*** RECORDS SUPPLIED ***
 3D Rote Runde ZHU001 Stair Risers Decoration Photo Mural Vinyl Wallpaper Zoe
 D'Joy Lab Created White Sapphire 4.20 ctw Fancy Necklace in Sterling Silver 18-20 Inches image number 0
*** End of RECORDS SUPPLIED ***
*** RECORDS SUPPLIED ***
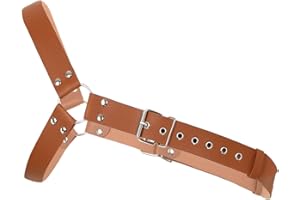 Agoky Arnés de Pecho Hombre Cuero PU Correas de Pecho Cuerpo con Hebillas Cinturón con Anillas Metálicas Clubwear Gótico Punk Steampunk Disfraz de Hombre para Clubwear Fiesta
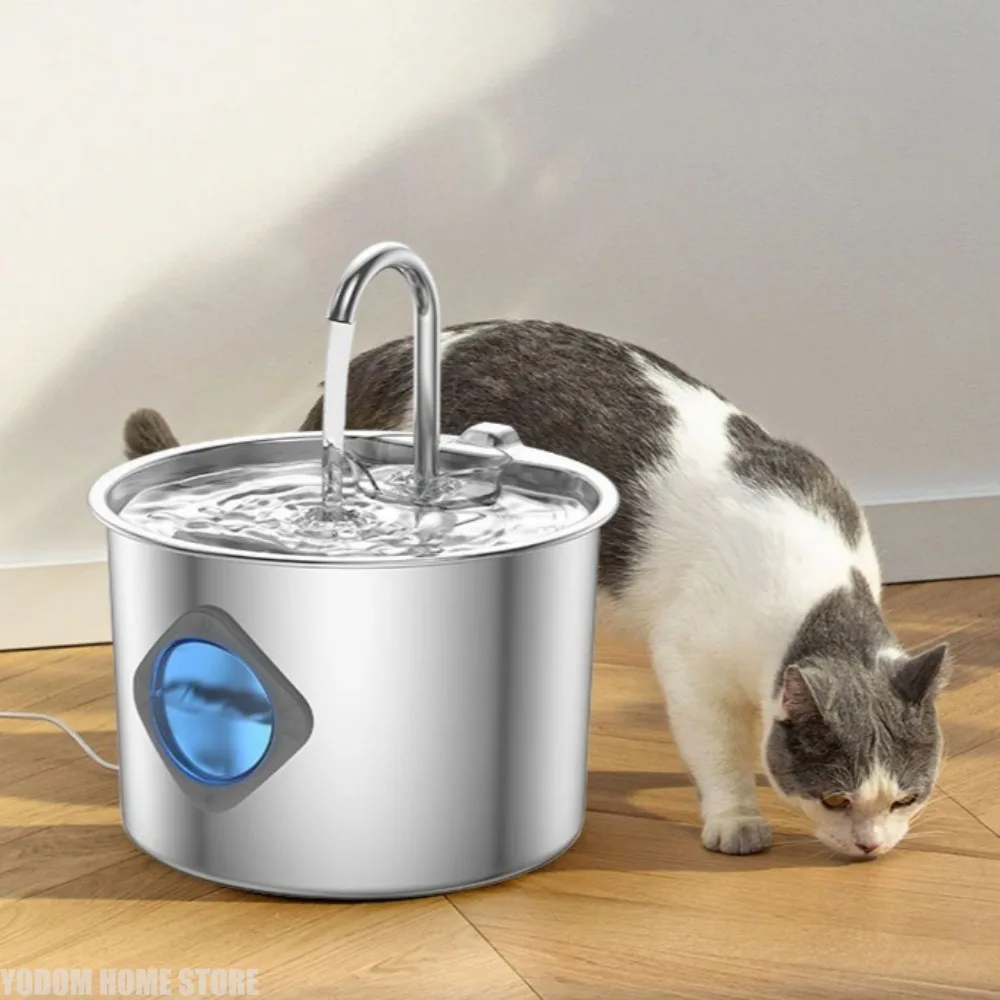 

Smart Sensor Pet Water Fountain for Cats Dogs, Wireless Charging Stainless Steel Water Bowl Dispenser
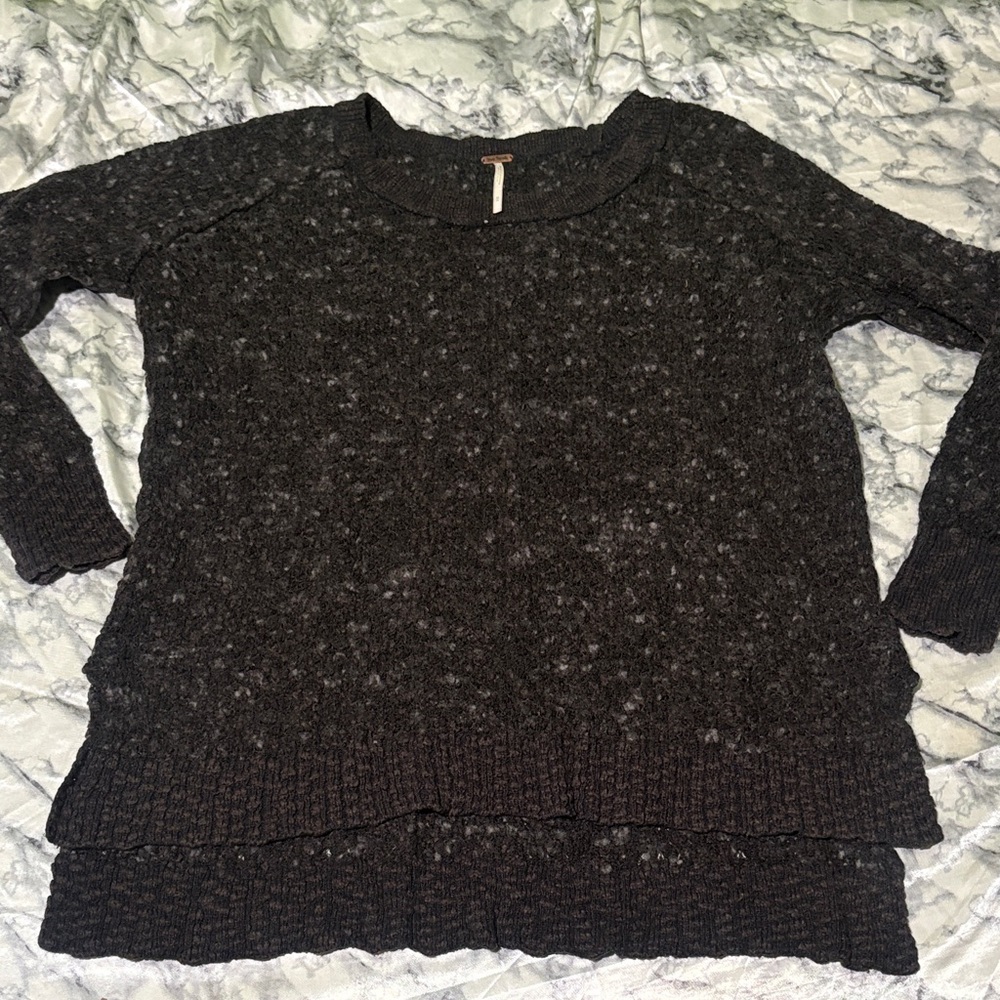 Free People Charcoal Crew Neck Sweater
*** End of RECORDS SUPPLIED ***
*** RECORDS SUPPLIED ***
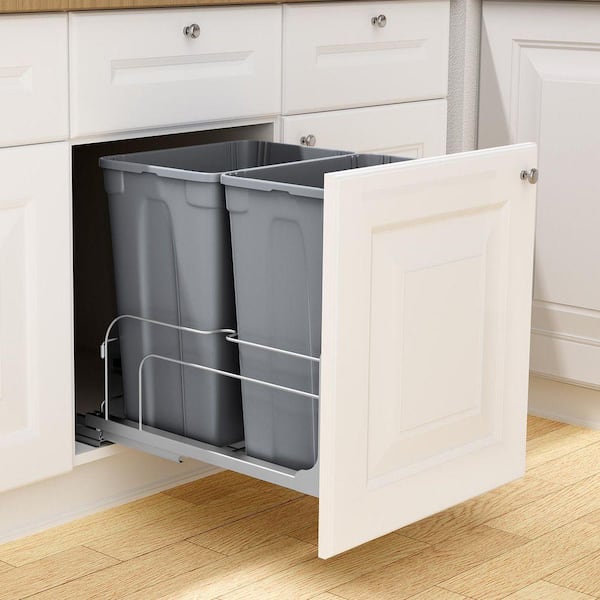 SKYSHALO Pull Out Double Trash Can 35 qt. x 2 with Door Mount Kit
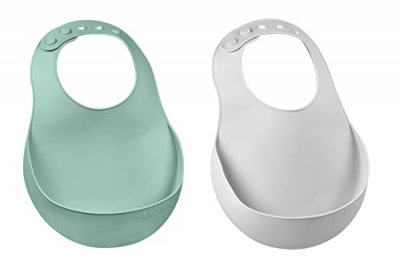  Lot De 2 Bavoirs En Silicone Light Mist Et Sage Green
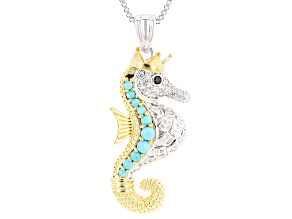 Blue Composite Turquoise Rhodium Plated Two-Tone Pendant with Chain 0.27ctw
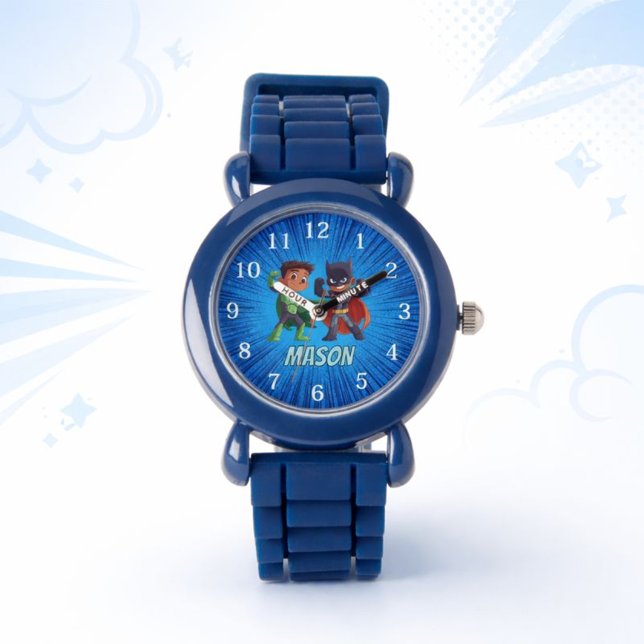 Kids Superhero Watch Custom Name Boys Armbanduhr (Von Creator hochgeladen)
*** End of RECORDS SUPPLIED ***
§ **EXERCISE REQUIREMENTS**
Your answer must consist solely of the lines above between the line holding "3D Rote Runde" and the line holding "D'Joy Lab Created", inclusive, copied exactly.

§ **YOUR RESPONSE**
 3D Rote Runde ZHU001 Stair Risers Decoration Photo Mural Vinyl Wallpaper Zoe
 D'Joy Lab Created White Sapphire 4.20 ctw Fancy Necklace in Sterling Silver 18-20 Inches image number 0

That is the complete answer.